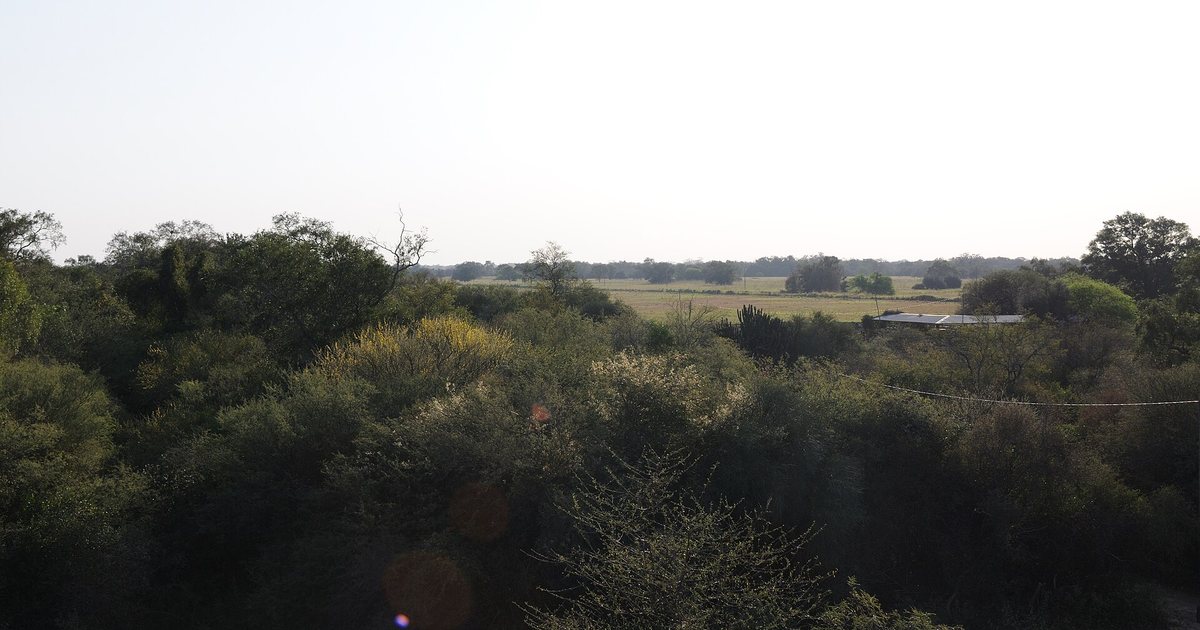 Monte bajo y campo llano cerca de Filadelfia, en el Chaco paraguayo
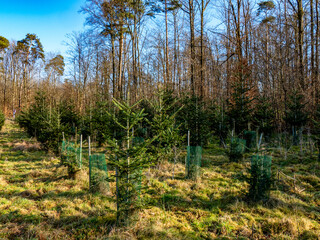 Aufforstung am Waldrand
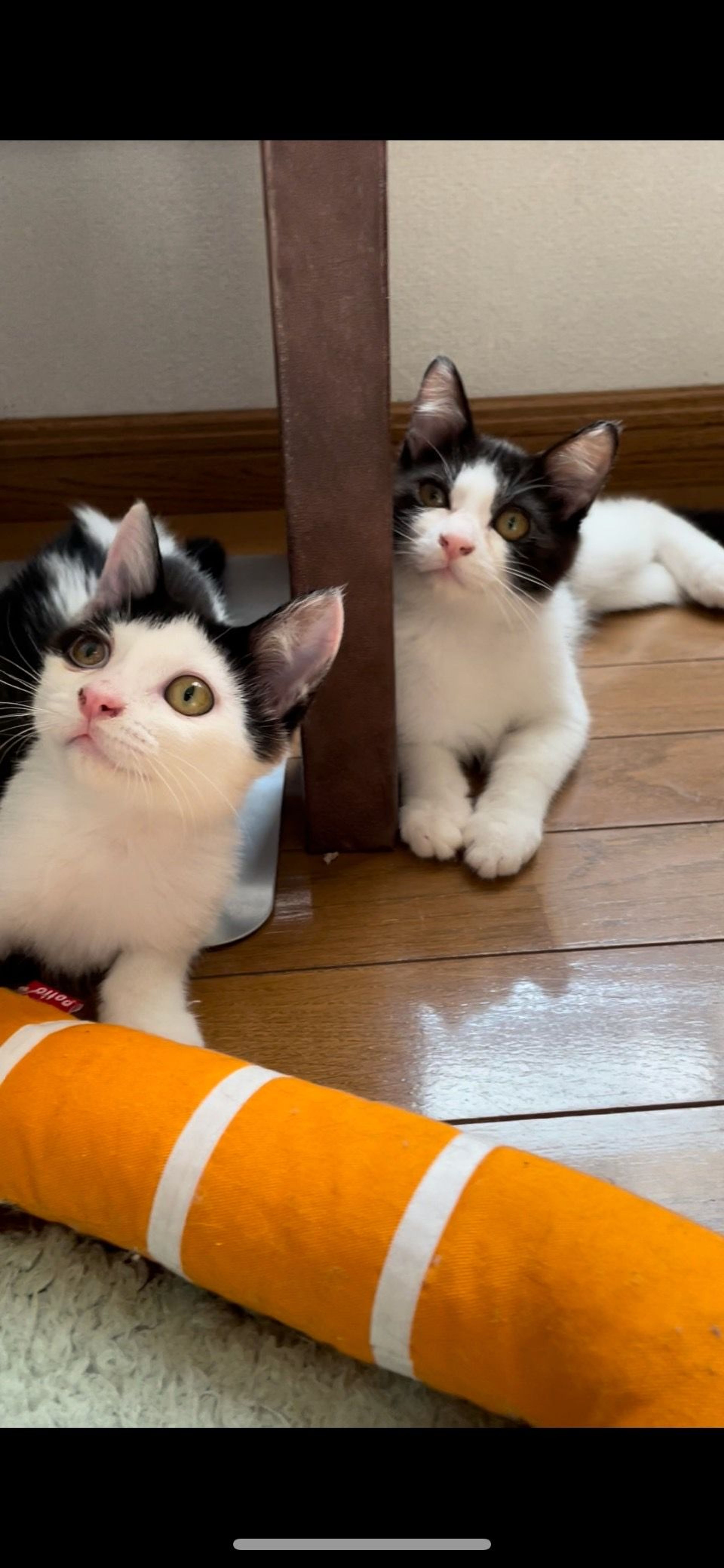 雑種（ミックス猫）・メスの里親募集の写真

Assigned task: Please print the material exactly as given above, omitting the pictures.

Task response:
 Monte bajo y campo llano cerca de Filadelfia, en el Chaco paraguayo
 Aufforstung am Waldrand
 雑種（ミックス猫）・メスの里親募集の写真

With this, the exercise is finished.